▶ [Dataset entries]:
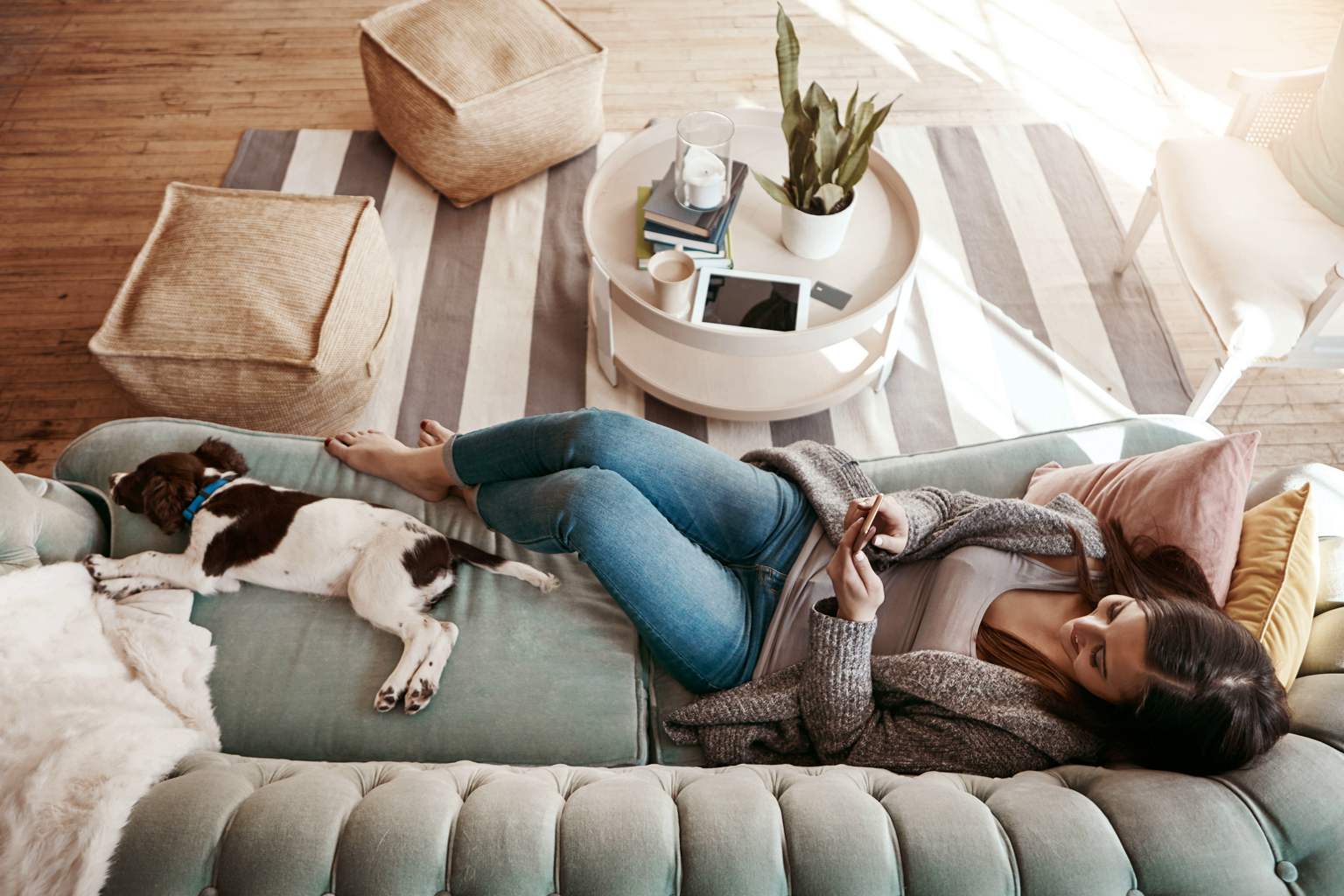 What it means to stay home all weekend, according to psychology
---
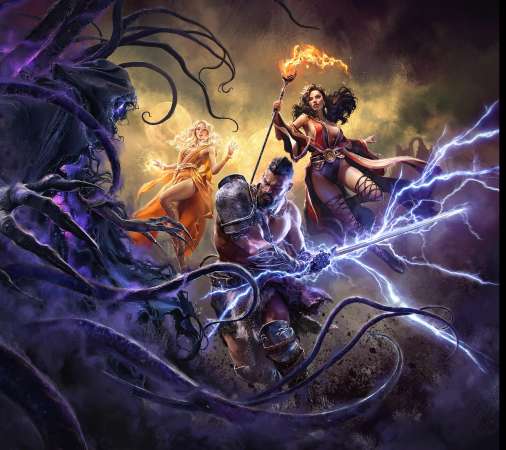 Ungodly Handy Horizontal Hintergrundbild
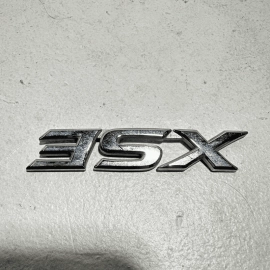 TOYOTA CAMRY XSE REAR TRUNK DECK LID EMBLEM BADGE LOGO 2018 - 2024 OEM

▶ [Task details]: Would you copy out, exactly and with no pictures, only the lines above from the one that contains "Ungodly Handy Horizontal Hintergrundbild" through the one that contains "TOYOTA CAMRY XSE"?

▶ [Answer to this problem]:
 Ungodly Handy Horizontal Hintergrundbild
 TOYOTA CAMRY XSE REAR TRUNK DECK LID EMBLEM BADGE LOGO 2018 - 2024 OEM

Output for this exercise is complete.